The Grovetown Loop was separated from the Wairau River by a brief but intense flood early in the european settlement of Marlborough.
Aeons before the arrival of the pakeha, the fertile Wairau Plain had been fed by the waters of the Wairau River flowing from the Spenser Mountains to Cook Strait, providing abundant food supplies for the Maori who visited the area from 1300 AD. The lagoons and swamps of the area were rich in eels and water birds, while the lush bush was home to moa and many other birds. This rich and bountiful land was greatly prized by Maori as evidenced by their occupation from earliest time to the present day.
Captain Cook sailed into Cloudy Bay in February 1770 and noted that the landscape was covered with a forest of tall trees. Grovetown was initially known as Big Bush, a kahikatea forest of about 40 hectares, and was an island in the swampy area of the Wairau Plain.
In 1858 Mrs Dick tells of her family arriving at Steam Wharf (Fell St, Grovetown) on the ‘Tasmanian Maid’. As the area was settled the bush was milled and timber was sent to other parts of the country using trading boats and the rivers before roads were accessible.

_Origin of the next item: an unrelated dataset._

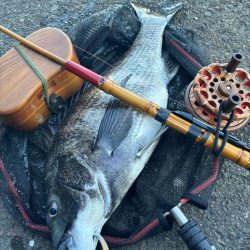 ヘチってきました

A cataclysmic flood of the Wairau River in 1861 cut through land connecting the centre of the Grovetown Lagoon with the Wairau Bar to the east. Overnight the Maori community living at Wairau Pa was separated from its urupa (cemetery) and the Steam Wharf became inaccessible to coastal shipping. The urupa remains and is still used by local iwi, Ngati Rarua, Rangitane and Ngati Toa Rangatira. The ships which sailed up the Wairau are long gone.
The waters of the Wairau river flowed straight past the old river loop and the entrance and exit of the loop silted up. Stop banks were raised along the new course of the Wairau to prevent flood-water encroaching into the old loop, and across the farmland of the lower Wairau and into the Grovetown settlement.
The now quiet river loop did not become stagnant. Nearby fresh-water springs charged the loop with fresh clear water even in times of drought. Fish and eels continued to live in the waters of the loop. Birds settled on the calm waters, fed, made nests, and raised their young.
Settlers formed outlets though the stop banks along the Wairau to allow the spring-water to drain into the Wairau, re-connecting the Loop with the Wairau river. The loop, now protected by stop banks from inundation by swirling flood-waters, and refreshed by spring water, provides a habitat for fish and birds.
Willows and invasive climbing plants overcame the banks of the old river. Silt and effluent from farming and from the Grovetown settlement polluted the waters of the loop. Some of these problems have been improved by better environmental practices. Some problems are being addressed by Te Whanau Hou, a community group focused on restoring the waters and banks of the loop to their original condition
Today a dedicated band of people from the community are working to restore and enhance the natural values of the Lagoon.This project is an iwi initiated one that began with an approach to Marlborough District Council, the Department of Conservation and Nelson Marlborough Fish and Game Council back in 2001. These groups set the recovery process in motion and today other groups and individuals have joined in to keep the project going.
The first step to recovery was the launch of the project with a tree planting ceremony at dawn on Saturday 2 February 2002.
We now have many volunteers and other groups and organisations involved. These people willingly give their time to attend meetings and working bees, and make donations of money, goods and services to enable the continued progress of the project.